## YOUR GOAL
Would you please print exactly the lines that run from the one with "Hedera Helix 'Glacier'" to the last line of the data, both included, without any pictures?

## Image-text web data
* * *
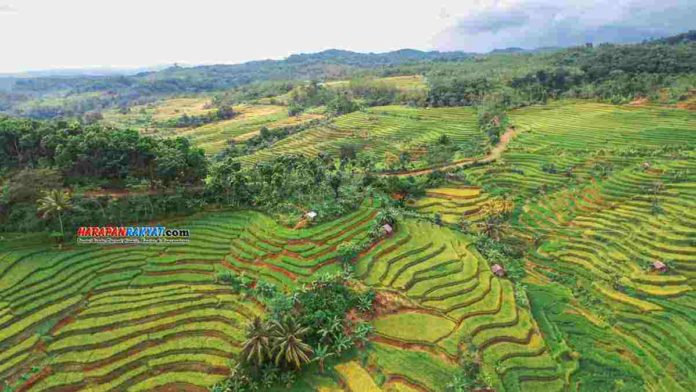 Pemkab Pangandaran akan Pertahankan Sawah Tidak Beralih Fungsi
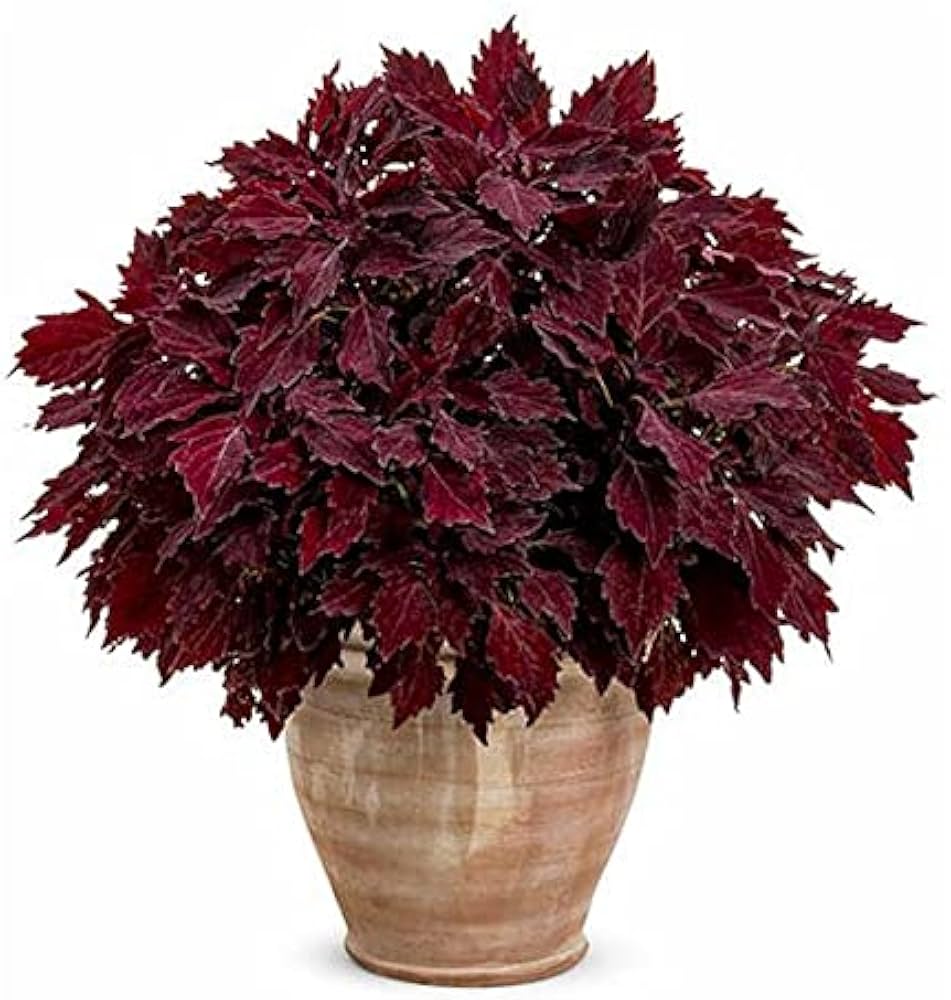 Heirloom Non-GMO Maroon Coleus Plant Seeds for Planting – Colorful Foliage Garden Seeds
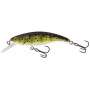 SALMO TROUT PACK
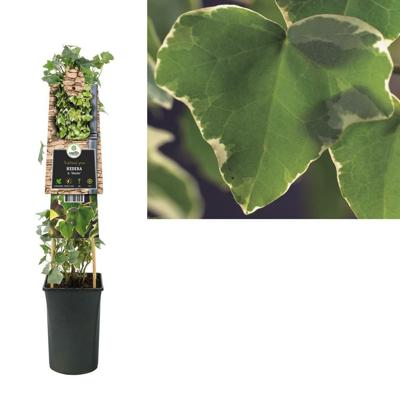 Hedera Helix 'Glacier' - bonte kleinbladige klimop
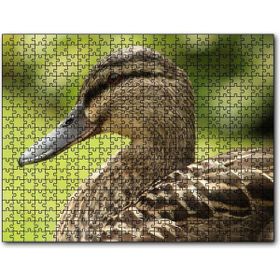 Cakapuzzle Kahverengi Ördek Yakın Plan 255 Parça Puzzle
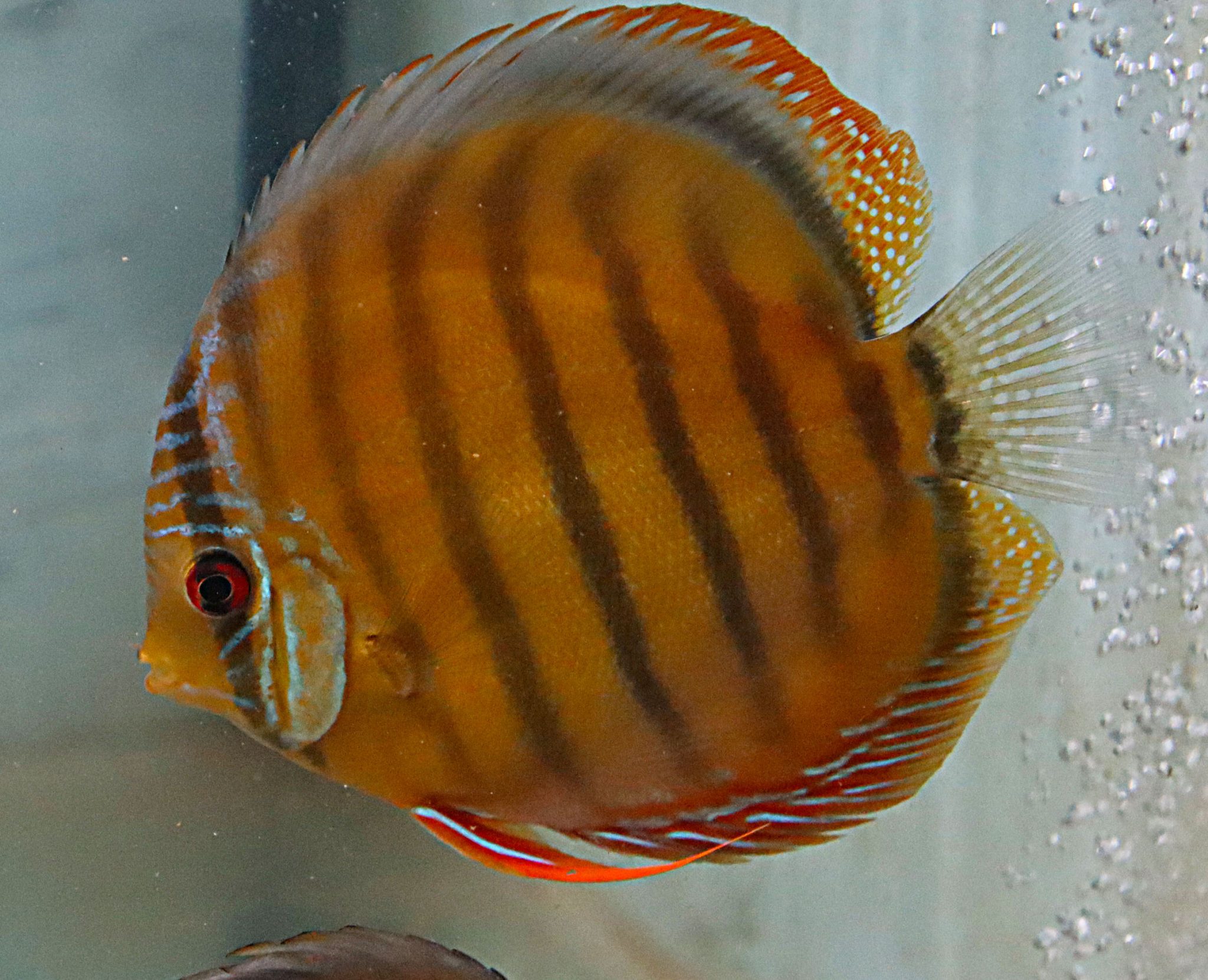 Cameta Discus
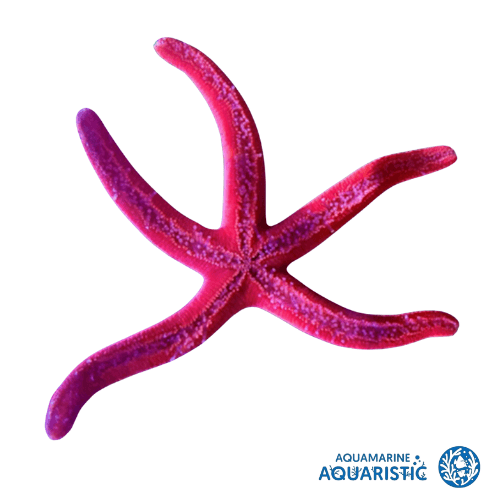 Red Linckia (Linckia sp.)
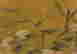 item-78613338=3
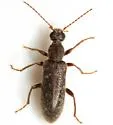 Rilettius rahmani - photo 3
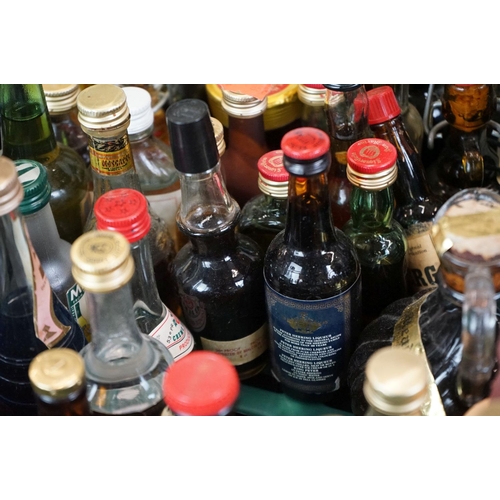 450 - Large collection of 150+ miniatures, to include whisky, brandy, sambuco, amaretto & many others (2 b... 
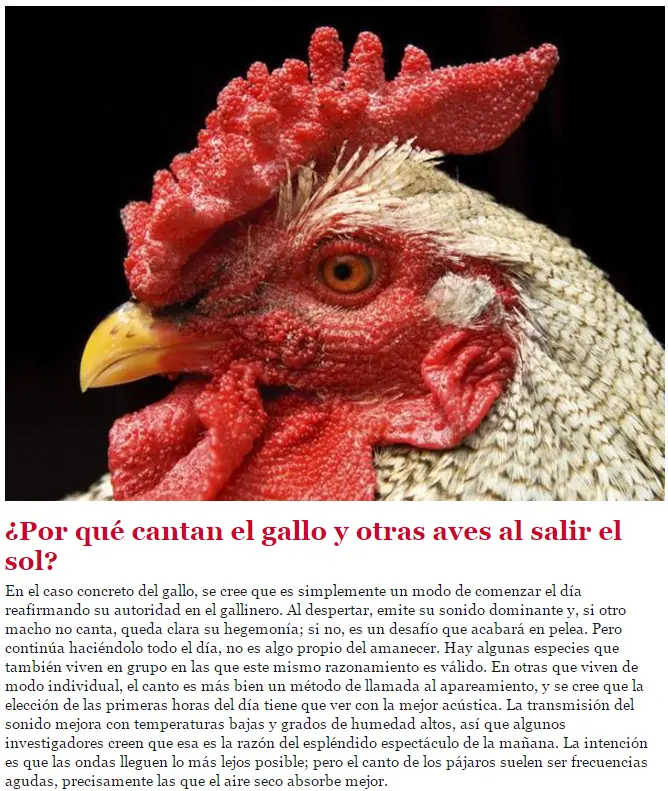 ¿Por qué canta el Gallo y otras aves al salir el Sol?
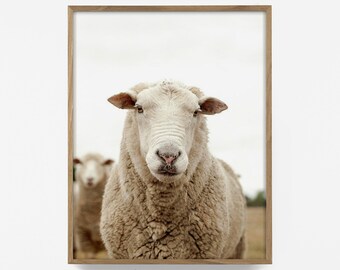 sheep print, nordic print, european print, nordic art, animal print, country landscape art, farm print, farm decor, english countryside art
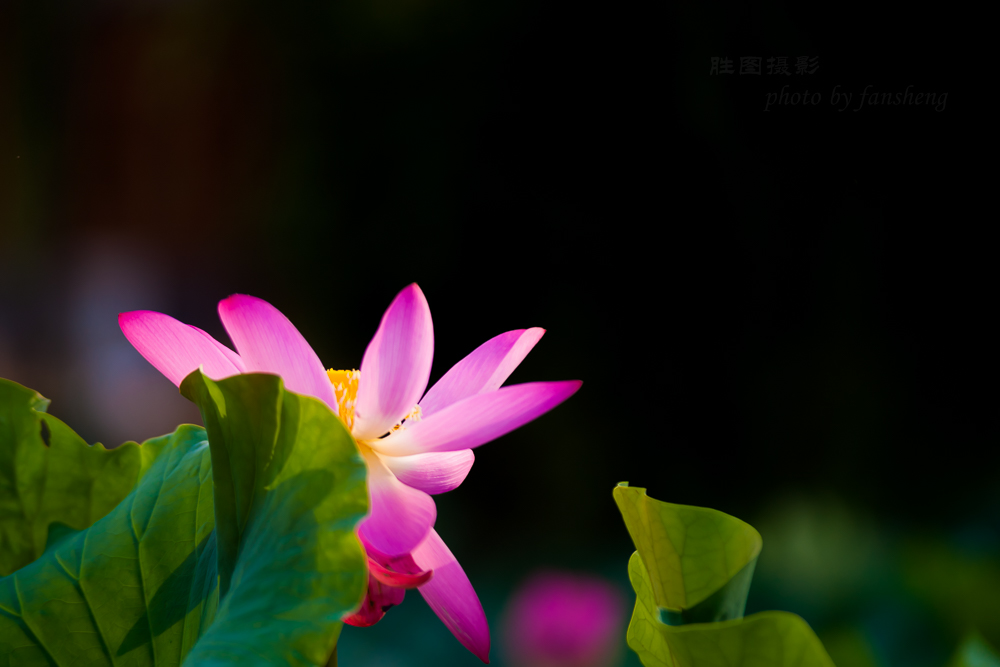 普贤禅寺荷花20151-1000 秒 (f - 2.8)ISO 100200 mm-14.JPG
* * *
## ANSWER
 Hedera Helix 'Glacier' - bonte kleinbladige klimop
 Cakapuzzle Kahverengi Ördek Yakın Plan 255 Parça Puzzle
 Cameta Discus
 Red Linckia (Linckia sp.)
 item-78613338=3
 Rilettius rahmani - photo 3
 450 - Large collection of 150+ miniatures, to include whisky, brandy, sambuco, amaretto & many others (2 b... 
 ¿Por qué canta el Gallo y otras aves al salir el Sol?
 sheep print, nordic print, european print, nordic art, animal print, country landscape art, farm print, farm decor, english countryside art
 普贤禅寺荷花20151-1000 秒 (f - 2.8)ISO 100200 mm-14.JPG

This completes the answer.